Sorry, I've been watching too much Pinky and the Brain with my Kids.

I think lump crab refers to cooked shelled crab meat still in chunks rather than broken up finely. You can buy crab like this in the fish case of most grocers. Pick through it for any shell fragments.

Phil


----------



## bluezebra (May 19, 2007)

phatch the stuff you get in super markets is pasteurized. See my note above re: pasteurization. ICK!

(we love pinky and the brain. dh calls me pinky.)


----------



## shel (Dec 20, 2006)

Thanks guys - I get the picture.

I don't buy "pateurized" seafood,nor do I buy seafood in supermarkets. The concept seems so strange to me. It's bad enough that I mostly have to buy pasteurized cheese and other dairy products <sigh> Another pet peeve of mine.

Shel


----------



## phatch (Mar 29, 2002)

Doesn't have to be. My grocer doesn't. But, yes, it is worth avoiding pasteurized.

Phil


----------



## kyheirloomer (Feb 1, 2007)

Actually, these terms are set by law. 

If you remove the top sell from a crab and clean out the entrails and stuff and then cut in in half so you can view a cross-section, what you'll see are a series of tubular compartpents containing the flesh. 

Those towards the back, near the swim fins, are small, and the meat is kind of broken up looking before you even remove it.
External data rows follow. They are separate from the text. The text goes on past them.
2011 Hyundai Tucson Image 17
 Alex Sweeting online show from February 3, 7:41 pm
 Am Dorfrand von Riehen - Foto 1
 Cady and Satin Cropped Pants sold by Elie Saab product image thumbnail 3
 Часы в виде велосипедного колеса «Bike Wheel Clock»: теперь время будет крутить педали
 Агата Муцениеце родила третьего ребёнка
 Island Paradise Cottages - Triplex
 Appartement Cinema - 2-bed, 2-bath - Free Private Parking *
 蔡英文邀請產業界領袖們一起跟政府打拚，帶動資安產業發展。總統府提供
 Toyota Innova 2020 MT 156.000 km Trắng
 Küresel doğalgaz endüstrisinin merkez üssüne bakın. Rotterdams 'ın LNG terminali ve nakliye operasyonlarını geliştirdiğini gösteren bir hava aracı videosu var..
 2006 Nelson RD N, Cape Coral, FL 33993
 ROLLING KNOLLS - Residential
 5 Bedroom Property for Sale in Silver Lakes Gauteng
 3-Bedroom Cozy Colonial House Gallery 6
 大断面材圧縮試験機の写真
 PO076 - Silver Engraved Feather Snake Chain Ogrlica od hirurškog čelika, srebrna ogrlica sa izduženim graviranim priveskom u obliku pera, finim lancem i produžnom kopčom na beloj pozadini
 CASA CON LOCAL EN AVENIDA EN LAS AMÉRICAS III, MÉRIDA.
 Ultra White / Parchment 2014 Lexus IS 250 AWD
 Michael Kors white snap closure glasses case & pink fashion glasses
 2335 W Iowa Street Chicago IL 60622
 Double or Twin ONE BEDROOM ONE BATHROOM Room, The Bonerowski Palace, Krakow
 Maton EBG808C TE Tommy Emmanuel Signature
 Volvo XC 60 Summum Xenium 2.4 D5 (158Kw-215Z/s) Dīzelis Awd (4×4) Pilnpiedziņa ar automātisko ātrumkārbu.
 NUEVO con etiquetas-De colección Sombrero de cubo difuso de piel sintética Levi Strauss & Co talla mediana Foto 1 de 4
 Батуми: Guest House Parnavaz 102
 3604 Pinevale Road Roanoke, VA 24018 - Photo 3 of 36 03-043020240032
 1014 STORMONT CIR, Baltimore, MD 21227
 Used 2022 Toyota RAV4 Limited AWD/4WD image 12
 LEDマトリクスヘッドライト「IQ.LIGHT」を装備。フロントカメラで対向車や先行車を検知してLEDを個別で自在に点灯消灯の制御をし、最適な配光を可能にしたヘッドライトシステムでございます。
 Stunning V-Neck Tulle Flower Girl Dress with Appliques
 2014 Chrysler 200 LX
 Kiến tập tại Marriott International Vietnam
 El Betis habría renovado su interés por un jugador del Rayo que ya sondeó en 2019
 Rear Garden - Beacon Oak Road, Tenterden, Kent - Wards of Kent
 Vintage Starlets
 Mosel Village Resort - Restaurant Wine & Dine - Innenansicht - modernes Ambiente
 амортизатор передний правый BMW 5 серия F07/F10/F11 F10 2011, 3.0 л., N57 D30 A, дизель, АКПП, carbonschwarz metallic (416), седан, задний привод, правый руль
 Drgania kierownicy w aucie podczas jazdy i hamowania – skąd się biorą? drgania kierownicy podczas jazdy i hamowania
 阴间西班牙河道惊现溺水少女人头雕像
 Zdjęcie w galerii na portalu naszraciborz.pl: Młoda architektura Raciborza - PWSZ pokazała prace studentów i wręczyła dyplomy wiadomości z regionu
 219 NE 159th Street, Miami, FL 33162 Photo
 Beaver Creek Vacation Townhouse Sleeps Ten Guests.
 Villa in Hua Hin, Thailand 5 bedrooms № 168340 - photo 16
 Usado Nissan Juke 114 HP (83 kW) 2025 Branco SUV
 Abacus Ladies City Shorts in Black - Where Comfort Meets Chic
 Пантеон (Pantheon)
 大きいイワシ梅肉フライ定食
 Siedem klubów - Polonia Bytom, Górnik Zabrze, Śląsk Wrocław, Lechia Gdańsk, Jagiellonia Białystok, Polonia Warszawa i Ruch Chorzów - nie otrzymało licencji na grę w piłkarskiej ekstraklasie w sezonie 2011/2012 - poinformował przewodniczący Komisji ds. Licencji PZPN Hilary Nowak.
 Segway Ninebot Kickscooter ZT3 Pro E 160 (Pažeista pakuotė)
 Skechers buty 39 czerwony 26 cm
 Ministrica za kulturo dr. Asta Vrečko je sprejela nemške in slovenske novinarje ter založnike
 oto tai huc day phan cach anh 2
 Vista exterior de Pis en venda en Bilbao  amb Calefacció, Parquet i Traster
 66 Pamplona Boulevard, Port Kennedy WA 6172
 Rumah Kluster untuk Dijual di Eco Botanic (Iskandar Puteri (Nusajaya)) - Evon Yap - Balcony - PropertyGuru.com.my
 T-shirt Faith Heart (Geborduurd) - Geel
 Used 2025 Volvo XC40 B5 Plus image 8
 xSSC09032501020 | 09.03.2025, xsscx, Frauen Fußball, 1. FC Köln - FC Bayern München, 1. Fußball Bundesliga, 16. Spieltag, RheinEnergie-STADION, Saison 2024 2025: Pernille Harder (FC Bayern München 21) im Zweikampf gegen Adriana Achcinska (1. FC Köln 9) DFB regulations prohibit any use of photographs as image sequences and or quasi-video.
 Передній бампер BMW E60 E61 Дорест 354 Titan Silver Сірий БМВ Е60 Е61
That's the backfin meat. No matter how small a pick you use, it's almost impossible to recover that meat in one piece. 

As you move forward, the compartments get larger and the meat more cohesive. That's the lump. Extra large lump comes only from the very frontmost compartments, and the size of the piece determines if you can use that classification. Extra large lump is actually more prevelant now than it used to be because there's a minimum size on crabs, and, overall, larger ones are being harvested. 

Claw meat, obviously, comes from the claws, and is considered by most crab fanciers to be more grainy. As Blue Zebra notes, it's usually used only in cooked dishes. But not always. Some folks think a bowl of melted butter and a bowl full of crab claws is the cat's meow. And the claw meat makes a nice accent piece in soups and chowders. 

I think the objection to pastueurized crab is more theoretical than real. All crab you buy---whether "fresh" "pasteurized" or in cans or pouches already is cooked. Pasteurization just gives it a longer shelf life. And, for anyone who lives inland, that's pretty much the only way it's available.


----------



## shel (Dec 20, 2006)

Thanks for the lesson on lump crab.

Around these parts fresh crab is readily available, so I guess we're lucky. By fresh I mean live. A few of the fish mongers here will sell cooked crab, but they cook it themselves, and it's very fresh. I'm sure they don't pasteurize it. I only recently discovered that crab meat can be bought in cans. Never heard of crab in pouches. 

shel


----------



## bluezebra (May 19, 2007)

KY - Just an addition to your very thorough post. Maybe it's just in Houston, who knows...but there really is a difference between regular cooked crab and pasteurized even though they seem to mean the same thing.

Definite agreement that all crab you buy comes cooked. I've had this discussion over at the Epi site and here's my experience going back to earliest memories as a little girl. I can remember going down to the docks to buy crab, fish and shrimp as a 3 year old. *blush* lotta years there. That puts us during the '60s.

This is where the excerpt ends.